A new data structure for the epsilon-approximate range emptiness problem

A new data structure for the epsilon-approximate range emptiness problem

Constructing space-efficient data structures for answering approximate membership queries is a well-studied problem and one that is increasingly important in the era of big data. That is, given a set $S$ of $n$ elements from a large universe $[U] = { 0,2, ..., U -1 }$, preprocess $S$ so as to answer queries of the form, is $x \in S$? Since $|S|$ is prohibitively large to fit directly into RAM, the approach is to give a sketch, or succinct summary, of the set that, while removing elements from S, gives good answers to specified queries. Hence, we allow such data structures to return a small fraction false positives in return for significant savings in space.

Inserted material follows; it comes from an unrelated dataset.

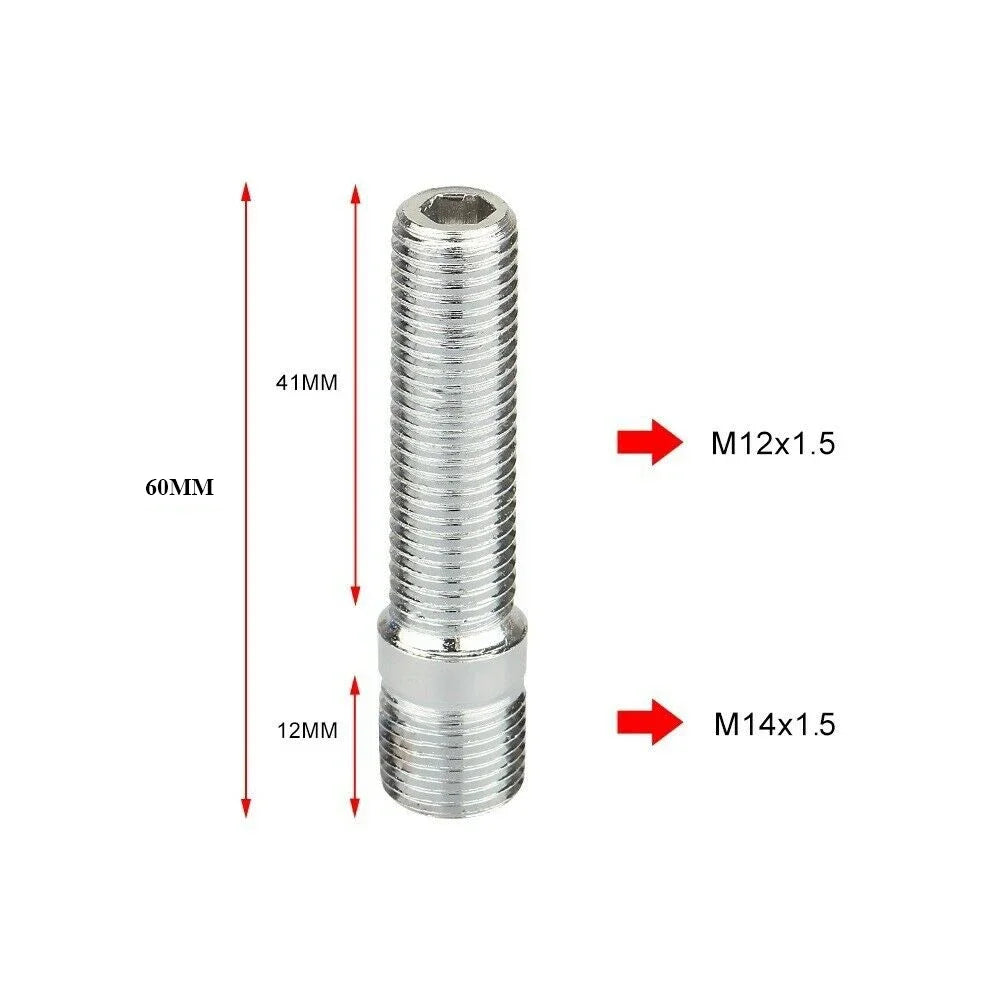 M12x1.25,M12x1.5,M14x1.25,M14x1.5 Extended Wheel Studs Conversion Tall Lug Bolts Screw Adapter Kit High Quality 1 Piece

This talk will review a new data structure, along with it techniques and lower bounds that generalizes the functionality from single point queries to 1-D queries of intervals of length $L$. Known as the $\epsilon$-approximate range emptiness problem, the paper by Mayank Goswami, Allan Grølund, Kasper Green Larsen, and Rasmus Pagh show that the space/error trade-off of a naive approach of querying a traditional Bloom filter $L$ times cannot be improved asymptotically: Any data structure for answering approximate range emptiness queries on intervals of length up to $L$ with false positive probability $\epsilon$, must use space $\Omega(n \lg(L/\epsilon)) − O(n)$ bits. While this does seem unfortunate, their data structure does answer such queries in $O(1)$ time.